O Estado de São Paulo criou em 2012 o programa “cidade amiga do Idoso”, mas apenas em janeiro deste ano (2018), a prefeitura de São Paulo aderiu ao programa. Com ela serão 670 cidades no estado estudando e promovendo iniciativas neste sentido. “Atualmente a rede socioassistencial da Prefeitura conta com 134 serviços específicos para idosos como Núcleos de Convivência, Centros Dia e Centro de Referência para atividades de convivência durante o dia, além de Centros de Acolhida Especiais e Instituições de Longa Permanência para o acolhimento. Juntos, os serviços atendem cerca de 15 mil idosos.” [4] Diz a prefeitura. Pouco se pensarmos que a cidade possui em torno de 1,4 milhões de idosos.
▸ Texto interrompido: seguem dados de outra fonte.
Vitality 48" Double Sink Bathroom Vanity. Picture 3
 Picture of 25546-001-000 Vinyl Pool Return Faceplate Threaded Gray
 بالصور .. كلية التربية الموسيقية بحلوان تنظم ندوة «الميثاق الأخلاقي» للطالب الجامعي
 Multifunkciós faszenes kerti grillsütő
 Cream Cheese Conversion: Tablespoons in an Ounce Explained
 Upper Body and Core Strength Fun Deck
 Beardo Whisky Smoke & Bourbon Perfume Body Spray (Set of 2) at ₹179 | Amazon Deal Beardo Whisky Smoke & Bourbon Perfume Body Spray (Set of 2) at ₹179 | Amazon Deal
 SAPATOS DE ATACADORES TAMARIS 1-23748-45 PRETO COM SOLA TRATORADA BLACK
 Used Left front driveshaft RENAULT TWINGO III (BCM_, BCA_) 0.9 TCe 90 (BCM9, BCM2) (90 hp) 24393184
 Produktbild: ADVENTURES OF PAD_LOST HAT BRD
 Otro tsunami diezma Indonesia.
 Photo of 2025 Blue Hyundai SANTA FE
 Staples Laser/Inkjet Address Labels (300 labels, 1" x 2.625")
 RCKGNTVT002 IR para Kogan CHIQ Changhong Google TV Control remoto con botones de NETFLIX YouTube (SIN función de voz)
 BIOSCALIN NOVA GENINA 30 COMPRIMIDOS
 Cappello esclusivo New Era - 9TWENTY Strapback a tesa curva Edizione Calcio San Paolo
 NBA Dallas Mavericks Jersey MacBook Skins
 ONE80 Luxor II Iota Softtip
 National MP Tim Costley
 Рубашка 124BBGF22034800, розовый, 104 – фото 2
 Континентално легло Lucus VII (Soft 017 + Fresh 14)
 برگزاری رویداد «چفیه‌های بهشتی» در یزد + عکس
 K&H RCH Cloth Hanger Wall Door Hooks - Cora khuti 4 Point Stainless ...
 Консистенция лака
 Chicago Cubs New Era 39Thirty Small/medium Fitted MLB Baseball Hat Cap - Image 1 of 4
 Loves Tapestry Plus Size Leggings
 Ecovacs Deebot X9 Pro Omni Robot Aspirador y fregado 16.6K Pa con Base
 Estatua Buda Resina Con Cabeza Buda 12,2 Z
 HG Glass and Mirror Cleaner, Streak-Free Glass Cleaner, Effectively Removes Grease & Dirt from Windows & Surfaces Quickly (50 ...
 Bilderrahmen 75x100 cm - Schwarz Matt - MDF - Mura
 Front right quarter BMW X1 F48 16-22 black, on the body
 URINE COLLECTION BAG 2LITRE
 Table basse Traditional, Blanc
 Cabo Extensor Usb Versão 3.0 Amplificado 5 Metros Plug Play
Um campo enorme para os arquitetos e urbanistas.

Para ajudar na busca da qualidade de vida para os idosos nas cidades, a Organização das Nações Unidas (ONU) lançou o guia “Measuring the age-frinedliness of cities – A guide to using core indicators[5]. No que se refere ao ambiente físico ela enumera os seguintes itens a serem considerados:

  • Planejamento e uso da terra
  • O projeto dos espaços e edifícios públicos
  • O projeto da moradia e as opções de custo
  • O design dos meios de transporte

Destes itens deve ser considerado a habilidade e capacidade de transitar pela cidade e ambientes construídos, a acessibilidades dos espaços públicos, edifícios e transportes; a capacidade de arcar com uma moradia e a segurança. Todos estes itens visam impactar na saúde e bem estar do idoso. Para ajudar, é indicado vários guias que são referência ao redor do mundo e que podem ser usados como base de partida para criação de um próprio.

Aos que procuram algo mais objetivo e prático, segue o check-list sugerido pela OMS [6] no que se refere aos aspectos físicos.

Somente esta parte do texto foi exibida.